▶ **Work to complete**: Could you copy exactly the lines below, beginning at the line with "松戸市日暮まで取りに来て下さる方—石—差し上げます" and stopping after the line with "Used Lincoln Nautilus", with no pictures?

▶ **Records shown**:
Segment Open

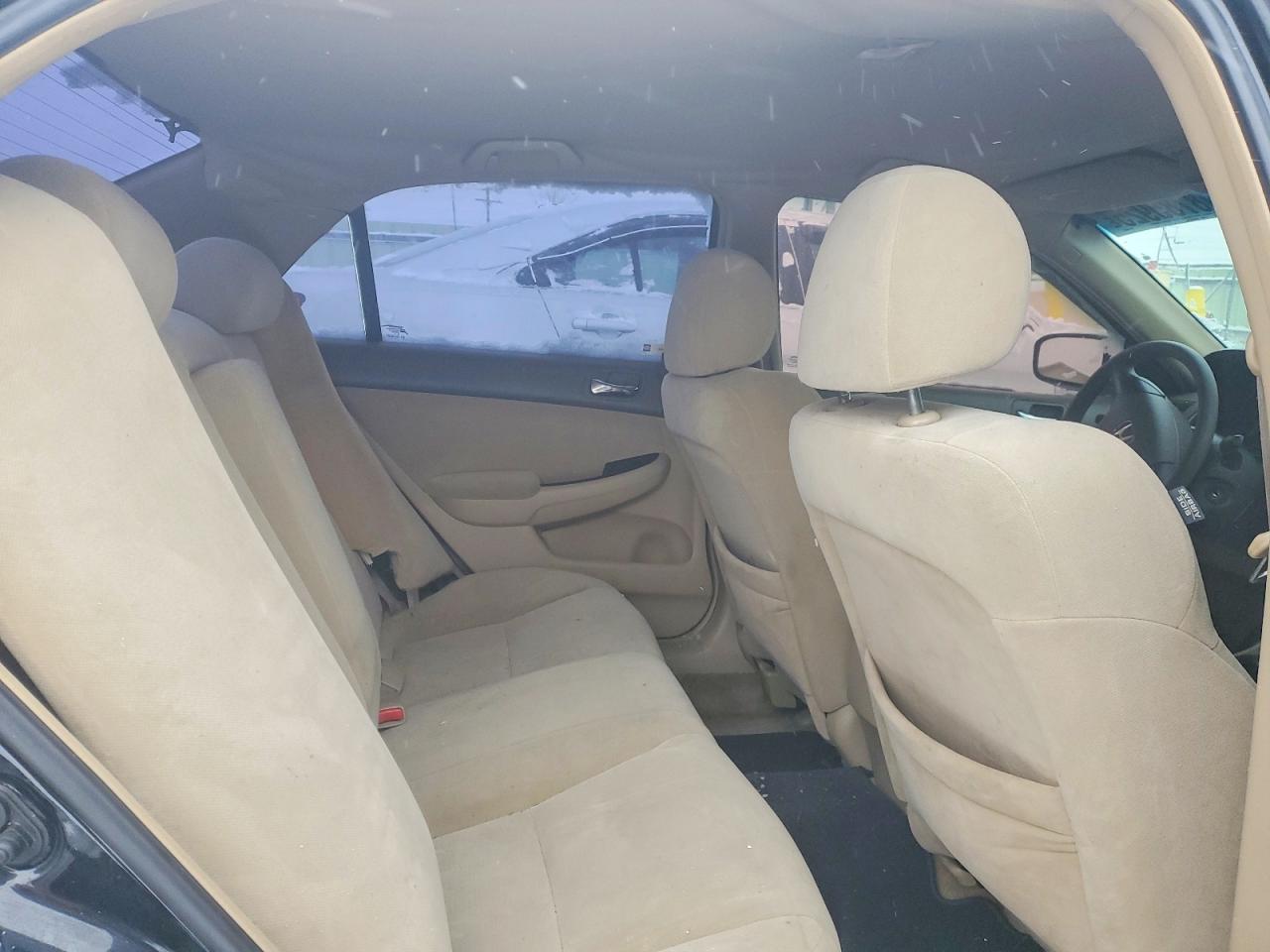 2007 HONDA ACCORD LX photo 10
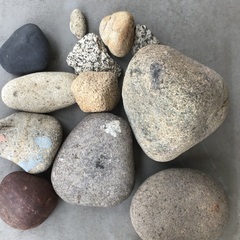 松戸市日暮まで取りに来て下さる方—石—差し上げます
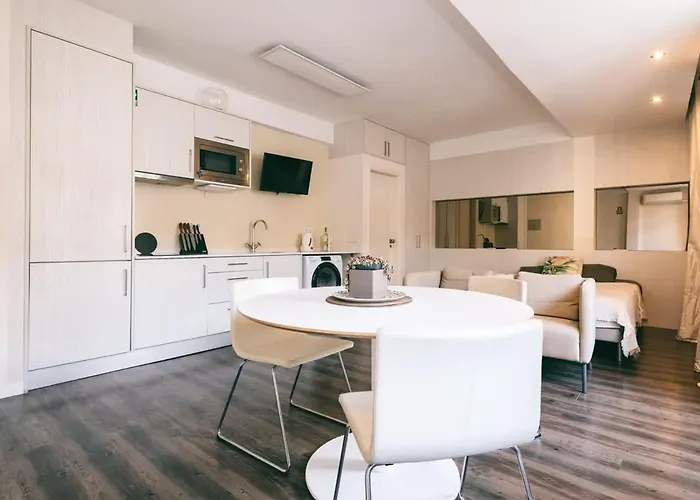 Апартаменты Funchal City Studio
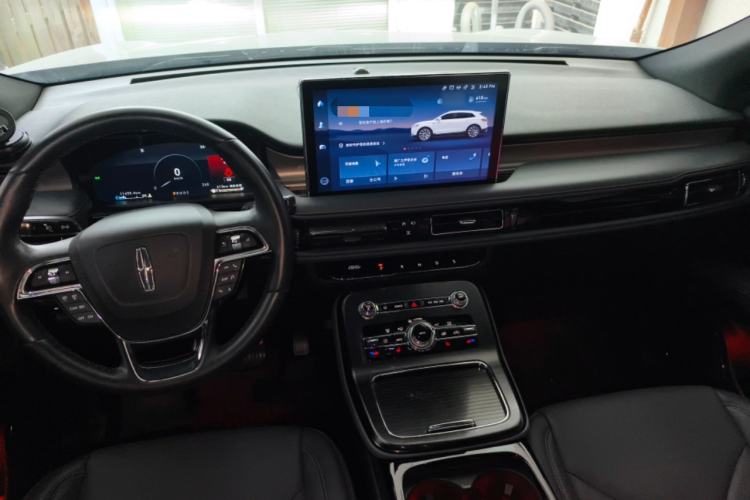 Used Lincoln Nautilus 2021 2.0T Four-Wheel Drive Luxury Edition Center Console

Segment Closed
Segment Open

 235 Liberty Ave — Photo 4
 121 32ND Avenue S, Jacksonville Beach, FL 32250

Segment Closed

▶ **Task output**:
 松戸市日暮まで取りに来て下さる方—石—差し上げます
 Апартаменты Funchal City Studio
 Used Lincoln Nautilus 2021 2.0T Four-Wheel Drive Luxury Edition Center Console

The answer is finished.